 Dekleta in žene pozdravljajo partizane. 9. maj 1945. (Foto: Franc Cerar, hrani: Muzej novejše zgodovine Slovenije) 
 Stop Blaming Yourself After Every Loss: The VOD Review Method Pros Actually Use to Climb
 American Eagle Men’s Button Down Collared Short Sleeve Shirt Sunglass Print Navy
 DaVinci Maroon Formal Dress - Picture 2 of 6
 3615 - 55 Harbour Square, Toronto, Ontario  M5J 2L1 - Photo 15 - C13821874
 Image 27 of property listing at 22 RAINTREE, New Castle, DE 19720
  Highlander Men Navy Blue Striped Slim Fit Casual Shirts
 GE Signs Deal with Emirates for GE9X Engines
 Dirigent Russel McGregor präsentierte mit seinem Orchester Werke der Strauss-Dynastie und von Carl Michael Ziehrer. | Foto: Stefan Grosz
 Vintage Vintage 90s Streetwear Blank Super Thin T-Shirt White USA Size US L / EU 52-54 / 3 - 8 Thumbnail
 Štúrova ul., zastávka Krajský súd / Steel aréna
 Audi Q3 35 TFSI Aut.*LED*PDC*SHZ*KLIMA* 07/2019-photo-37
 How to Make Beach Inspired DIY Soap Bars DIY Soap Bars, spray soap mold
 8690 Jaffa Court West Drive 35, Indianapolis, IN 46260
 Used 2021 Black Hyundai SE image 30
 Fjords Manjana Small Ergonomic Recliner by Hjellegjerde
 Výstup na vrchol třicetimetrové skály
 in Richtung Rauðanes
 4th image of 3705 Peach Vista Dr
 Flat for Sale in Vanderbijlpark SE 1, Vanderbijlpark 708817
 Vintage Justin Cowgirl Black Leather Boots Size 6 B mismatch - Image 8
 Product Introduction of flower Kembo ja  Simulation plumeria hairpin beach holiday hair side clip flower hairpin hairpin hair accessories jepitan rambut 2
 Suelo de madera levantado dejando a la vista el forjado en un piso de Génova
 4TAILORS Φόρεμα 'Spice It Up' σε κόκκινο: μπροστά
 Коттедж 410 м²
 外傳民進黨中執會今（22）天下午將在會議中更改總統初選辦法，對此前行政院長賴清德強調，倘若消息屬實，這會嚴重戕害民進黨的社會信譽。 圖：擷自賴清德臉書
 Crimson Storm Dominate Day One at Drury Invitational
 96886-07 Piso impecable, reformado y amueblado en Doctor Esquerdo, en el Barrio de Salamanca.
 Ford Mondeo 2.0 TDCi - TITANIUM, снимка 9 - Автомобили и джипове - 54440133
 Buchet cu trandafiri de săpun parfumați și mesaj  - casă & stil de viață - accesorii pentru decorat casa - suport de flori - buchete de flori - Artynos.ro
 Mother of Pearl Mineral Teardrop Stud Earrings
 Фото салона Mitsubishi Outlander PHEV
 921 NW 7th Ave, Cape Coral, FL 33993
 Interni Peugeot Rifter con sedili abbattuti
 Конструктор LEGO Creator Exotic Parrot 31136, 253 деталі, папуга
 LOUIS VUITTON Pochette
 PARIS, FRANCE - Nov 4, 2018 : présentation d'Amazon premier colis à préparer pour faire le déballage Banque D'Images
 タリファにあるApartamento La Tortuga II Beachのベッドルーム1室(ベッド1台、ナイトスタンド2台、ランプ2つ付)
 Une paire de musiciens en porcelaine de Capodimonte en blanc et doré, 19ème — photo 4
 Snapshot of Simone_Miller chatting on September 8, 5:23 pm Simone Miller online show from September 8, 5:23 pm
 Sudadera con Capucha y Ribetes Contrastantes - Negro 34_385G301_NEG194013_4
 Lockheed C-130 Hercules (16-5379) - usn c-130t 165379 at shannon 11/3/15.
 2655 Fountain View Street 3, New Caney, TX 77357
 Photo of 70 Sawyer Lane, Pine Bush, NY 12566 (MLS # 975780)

> _What the task asks_
Give back exactly the lines of the listing above that run from the line with "Fjords Manjana Small" to the line with "Sudadera con Capucha", inclusive.

> _Problem solution_
 Fjords Manjana Small Ergonomic Recliner by Hjellegjerde
 Výstup na vrchol třicetimetrové skály
 in Richtung Rauðanes
 4th image of 3705 Peach Vista Dr
 Flat for Sale in Vanderbijlpark SE 1, Vanderbijlpark 708817
 Vintage Justin Cowgirl Black Leather Boots Size 6 B mismatch - Image 8
 Product Introduction of flower Kembo ja  Simulation plumeria hairpin beach holiday hair side clip flower hairpin hairpin hair accessories jepitan rambut 2
 Suelo de madera levantado dejando a la vista el forjado en un piso de Génova
 4TAILORS Φόρεμα 'Spice It Up' σε κόκκινο: μπροστά
 Коттедж 410 м²
 外傳民進黨中執會今（22）天下午將在會議中更改總統初選辦法，對此前行政院長賴清德強調，倘若消息屬實，這會嚴重戕害民進黨的社會信譽。 圖：擷自賴清德臉書
 Crimson Storm Dominate Day One at Drury Invitational
 96886-07 Piso impecable, reformado y amueblado en Doctor Esquerdo, en el Barrio de Salamanca.
 Ford Mondeo 2.0 TDCi - TITANIUM, снимка 9 - Автомобили и джипове - 54440133
 Buchet cu trandafiri de săpun parfumați și mesaj  - casă & stil de viață - accesorii pentru decorat casa - suport de flori - buchete de flori - Artynos.ro
 Mother of Pearl Mineral Teardrop Stud Earrings
 Фото салона Mitsubishi Outlander PHEV
 921 NW 7th Ave, Cape Coral, FL 33993
 Interni Peugeot Rifter con sedili abbattuti
 Конструктор LEGO Creator Exotic Parrot 31136, 253 деталі, папуга
 LOUIS VUITTON Pochette
 PARIS, FRANCE - Nov 4, 2018 : présentation d'Amazon premier colis à préparer pour faire le déballage Banque D'Images
 タリファにあるApartamento La Tortuga II Beachのベッドルーム1室(ベッド1台、ナイトスタンド2台、ランプ2つ付)
 Une paire de musiciens en porcelaine de Capodimonte en blanc et doré, 19ème — photo 4
 Snapshot of Simone_Miller chatting on September 8, 5:23 pm Simone Miller online show from September 8, 5:23 pm
 Sudadera con Capucha y Ribetes Contrastantes - Negro 34_385G301_NEG194013_4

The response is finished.